### Task to complete
Beneath this line are the data; copy exactly the part of them that opens with the line containing "garnet gemstone size" and closes with the line containing "Businessman with muscular shade behind his back Businessman", and only that part.

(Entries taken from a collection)
== Segment start ==

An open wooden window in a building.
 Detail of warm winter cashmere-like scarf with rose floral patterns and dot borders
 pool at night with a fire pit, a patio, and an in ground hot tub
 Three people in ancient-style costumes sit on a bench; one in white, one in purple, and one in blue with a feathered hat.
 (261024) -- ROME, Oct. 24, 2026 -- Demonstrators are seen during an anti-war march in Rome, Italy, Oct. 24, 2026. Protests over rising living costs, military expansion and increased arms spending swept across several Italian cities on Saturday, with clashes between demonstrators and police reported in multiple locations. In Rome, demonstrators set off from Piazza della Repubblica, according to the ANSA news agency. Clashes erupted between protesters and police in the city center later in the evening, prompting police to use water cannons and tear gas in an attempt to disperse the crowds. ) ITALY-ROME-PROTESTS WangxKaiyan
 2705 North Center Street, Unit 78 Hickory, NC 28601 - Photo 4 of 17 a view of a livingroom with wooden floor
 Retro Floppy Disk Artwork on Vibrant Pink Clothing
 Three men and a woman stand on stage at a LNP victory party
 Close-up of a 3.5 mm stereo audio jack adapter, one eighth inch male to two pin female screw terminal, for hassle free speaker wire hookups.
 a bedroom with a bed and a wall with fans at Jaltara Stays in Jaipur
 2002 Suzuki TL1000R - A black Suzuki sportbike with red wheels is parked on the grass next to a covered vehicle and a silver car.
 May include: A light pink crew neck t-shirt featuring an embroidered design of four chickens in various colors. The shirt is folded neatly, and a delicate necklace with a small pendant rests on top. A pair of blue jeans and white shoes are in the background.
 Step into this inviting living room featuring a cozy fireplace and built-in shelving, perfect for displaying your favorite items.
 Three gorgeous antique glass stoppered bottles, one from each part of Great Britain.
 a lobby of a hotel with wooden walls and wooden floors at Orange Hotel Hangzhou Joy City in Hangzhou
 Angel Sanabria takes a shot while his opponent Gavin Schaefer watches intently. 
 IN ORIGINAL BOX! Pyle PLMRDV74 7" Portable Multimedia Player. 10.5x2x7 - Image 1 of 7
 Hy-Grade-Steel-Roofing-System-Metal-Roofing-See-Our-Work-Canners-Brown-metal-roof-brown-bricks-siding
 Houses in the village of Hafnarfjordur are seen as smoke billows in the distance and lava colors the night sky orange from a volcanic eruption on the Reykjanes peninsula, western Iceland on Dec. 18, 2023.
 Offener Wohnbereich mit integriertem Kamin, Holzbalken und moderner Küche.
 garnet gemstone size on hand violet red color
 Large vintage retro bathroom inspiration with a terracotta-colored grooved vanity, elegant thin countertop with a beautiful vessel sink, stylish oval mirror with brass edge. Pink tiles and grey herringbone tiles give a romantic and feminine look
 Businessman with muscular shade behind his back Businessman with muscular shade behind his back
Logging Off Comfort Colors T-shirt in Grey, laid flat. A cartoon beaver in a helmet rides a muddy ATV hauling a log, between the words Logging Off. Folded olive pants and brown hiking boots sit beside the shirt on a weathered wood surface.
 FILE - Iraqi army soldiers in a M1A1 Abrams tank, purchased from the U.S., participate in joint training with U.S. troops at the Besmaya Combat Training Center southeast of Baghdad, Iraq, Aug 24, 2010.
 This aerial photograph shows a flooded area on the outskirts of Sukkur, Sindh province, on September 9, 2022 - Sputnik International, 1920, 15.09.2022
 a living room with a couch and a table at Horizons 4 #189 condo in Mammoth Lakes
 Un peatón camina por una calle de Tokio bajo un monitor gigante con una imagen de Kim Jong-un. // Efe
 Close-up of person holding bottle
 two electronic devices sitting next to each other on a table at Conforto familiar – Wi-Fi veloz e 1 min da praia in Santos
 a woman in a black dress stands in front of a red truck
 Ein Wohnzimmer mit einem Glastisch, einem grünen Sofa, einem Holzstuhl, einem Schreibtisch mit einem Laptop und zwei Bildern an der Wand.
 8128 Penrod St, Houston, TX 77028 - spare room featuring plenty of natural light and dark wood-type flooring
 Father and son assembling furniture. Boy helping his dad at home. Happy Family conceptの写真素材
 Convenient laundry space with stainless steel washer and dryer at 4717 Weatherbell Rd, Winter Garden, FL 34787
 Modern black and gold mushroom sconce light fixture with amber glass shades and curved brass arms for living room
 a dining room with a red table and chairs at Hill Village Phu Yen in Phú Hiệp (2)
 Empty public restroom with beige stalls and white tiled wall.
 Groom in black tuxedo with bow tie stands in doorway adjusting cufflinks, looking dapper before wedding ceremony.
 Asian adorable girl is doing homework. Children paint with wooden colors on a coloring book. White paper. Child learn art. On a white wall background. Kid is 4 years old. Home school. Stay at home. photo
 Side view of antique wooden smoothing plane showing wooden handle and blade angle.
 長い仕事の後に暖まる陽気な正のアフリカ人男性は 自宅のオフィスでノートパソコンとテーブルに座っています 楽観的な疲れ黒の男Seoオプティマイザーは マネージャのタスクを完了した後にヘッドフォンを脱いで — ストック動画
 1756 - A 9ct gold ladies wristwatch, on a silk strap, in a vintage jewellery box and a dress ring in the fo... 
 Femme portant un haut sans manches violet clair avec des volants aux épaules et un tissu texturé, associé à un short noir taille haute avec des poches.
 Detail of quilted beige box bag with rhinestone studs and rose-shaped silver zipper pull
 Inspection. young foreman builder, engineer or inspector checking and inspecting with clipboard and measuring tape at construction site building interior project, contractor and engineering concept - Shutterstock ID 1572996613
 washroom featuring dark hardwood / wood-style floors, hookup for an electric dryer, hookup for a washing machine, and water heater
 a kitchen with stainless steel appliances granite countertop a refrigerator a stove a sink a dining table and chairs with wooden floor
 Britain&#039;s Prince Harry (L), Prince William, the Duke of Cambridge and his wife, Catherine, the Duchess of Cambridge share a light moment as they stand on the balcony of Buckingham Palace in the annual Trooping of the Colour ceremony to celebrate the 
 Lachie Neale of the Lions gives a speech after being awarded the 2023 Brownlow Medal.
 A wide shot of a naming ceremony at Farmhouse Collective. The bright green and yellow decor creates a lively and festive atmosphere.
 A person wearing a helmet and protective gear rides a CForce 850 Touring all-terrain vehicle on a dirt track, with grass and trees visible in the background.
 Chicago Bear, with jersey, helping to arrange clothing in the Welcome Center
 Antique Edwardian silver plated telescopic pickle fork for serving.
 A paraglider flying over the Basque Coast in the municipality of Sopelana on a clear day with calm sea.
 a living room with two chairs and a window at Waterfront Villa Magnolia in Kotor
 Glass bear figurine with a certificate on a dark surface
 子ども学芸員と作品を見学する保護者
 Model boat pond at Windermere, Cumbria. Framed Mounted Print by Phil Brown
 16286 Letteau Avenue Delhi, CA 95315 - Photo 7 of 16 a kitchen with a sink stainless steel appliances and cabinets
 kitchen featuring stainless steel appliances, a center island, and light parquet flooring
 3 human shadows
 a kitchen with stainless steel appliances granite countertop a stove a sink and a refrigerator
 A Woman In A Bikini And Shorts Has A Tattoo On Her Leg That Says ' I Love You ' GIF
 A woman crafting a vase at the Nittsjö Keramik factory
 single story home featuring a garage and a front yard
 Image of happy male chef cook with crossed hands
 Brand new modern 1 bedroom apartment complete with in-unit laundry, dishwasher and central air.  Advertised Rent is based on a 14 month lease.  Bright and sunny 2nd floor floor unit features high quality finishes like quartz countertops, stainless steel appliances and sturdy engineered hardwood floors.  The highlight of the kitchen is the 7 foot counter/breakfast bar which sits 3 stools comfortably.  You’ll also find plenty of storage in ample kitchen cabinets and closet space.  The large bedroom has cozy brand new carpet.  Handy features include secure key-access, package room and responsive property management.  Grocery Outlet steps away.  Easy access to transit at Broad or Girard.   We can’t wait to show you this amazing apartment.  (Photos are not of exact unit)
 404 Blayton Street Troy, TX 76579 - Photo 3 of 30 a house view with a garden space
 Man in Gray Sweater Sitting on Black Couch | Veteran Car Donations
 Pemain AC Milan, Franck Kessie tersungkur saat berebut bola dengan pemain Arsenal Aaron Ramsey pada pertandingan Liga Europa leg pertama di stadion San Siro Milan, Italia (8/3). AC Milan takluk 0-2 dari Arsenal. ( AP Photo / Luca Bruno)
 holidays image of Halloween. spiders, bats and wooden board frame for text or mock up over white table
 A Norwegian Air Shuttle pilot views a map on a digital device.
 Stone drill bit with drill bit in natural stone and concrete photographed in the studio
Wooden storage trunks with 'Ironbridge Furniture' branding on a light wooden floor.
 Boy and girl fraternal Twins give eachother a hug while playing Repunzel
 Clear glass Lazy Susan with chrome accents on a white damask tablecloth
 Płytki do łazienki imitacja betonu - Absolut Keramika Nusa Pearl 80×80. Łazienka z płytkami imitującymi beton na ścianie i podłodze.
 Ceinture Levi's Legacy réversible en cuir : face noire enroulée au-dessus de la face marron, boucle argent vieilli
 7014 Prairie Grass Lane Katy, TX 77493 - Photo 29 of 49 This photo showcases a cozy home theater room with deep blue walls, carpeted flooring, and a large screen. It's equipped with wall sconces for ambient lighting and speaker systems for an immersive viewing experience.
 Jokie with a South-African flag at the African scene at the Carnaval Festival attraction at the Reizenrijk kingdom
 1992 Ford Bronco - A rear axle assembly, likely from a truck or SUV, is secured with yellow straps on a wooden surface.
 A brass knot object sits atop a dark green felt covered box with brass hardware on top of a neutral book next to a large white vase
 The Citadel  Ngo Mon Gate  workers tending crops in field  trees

== Segment end ==

### Solution to this exercise
 garnet gemstone size on hand violet red color
 Large vintage retro bathroom inspiration with a terracotta-colored grooved vanity, elegant thin countertop with a beautiful vessel sink, stylish oval mirror with brass edge. Pink tiles and grey herringbone tiles give a romantic and feminine look
 Businessman with muscular shade behind his back Businessman with muscular shade behind his back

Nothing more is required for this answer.